Padnick’s immediate offer of a development deal, targeted for the 1995-96 season--”if I was interested,” Trachta says with a wry smile--was as ironic as it was welcome: Only days earlier, the actor had been notified that his status as a “contract” player on “The Bold and the Beautiful” was being reduced to “recurring” for story-line purposes. His soap role has since been rejuvenated--but Trachta has rejected a request to go back on contract.

“I want to keep all my options open at this time,” he says. “I’ve assured them I will play Thorne as long as I can. I love it, and I love the people here. The soap has been an incredible gift in my life. It has opened so many doors.”

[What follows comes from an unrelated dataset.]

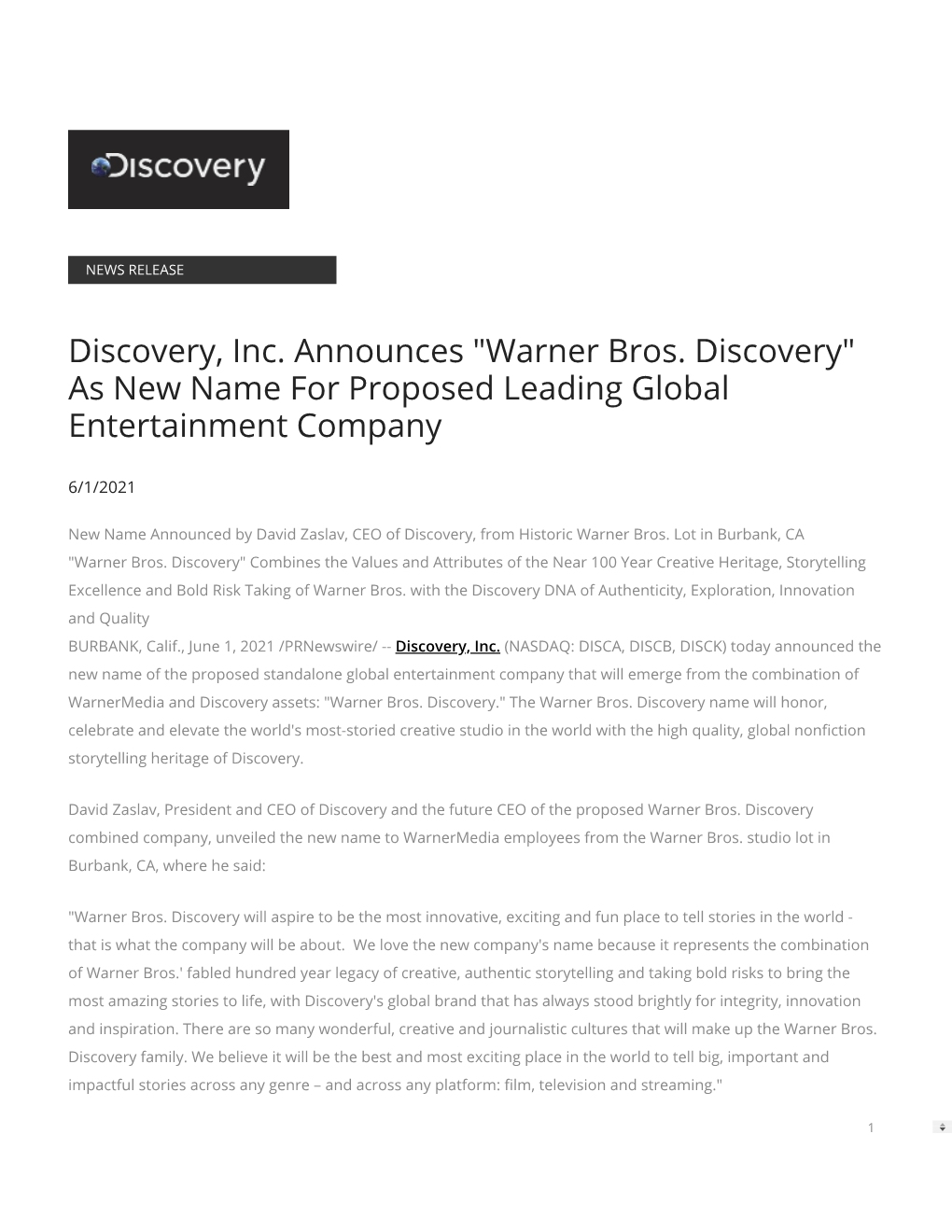 Discovery, Inc. Announces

One door has led to a real-life singing career with cast-mate Bobbie Eakes, who plays his ex-wife and singing partner Macy. Having performed in all 50 states and throughout Europe, the duo will soon make their third music video and have released a best-selling CD in the Netherlands, to be distributed in this country by the end of the year; Trachta will spend his 34th birthday in October performing a sold-out concert for 10,000 people in Rotterdam.

“I never thought I’d do any of this,” he says with the same open sincerity of the early Joel Krane. “I’d never even been on a plane till I came here at 21, from New York. I was thrilled just to have a $99- ticket.”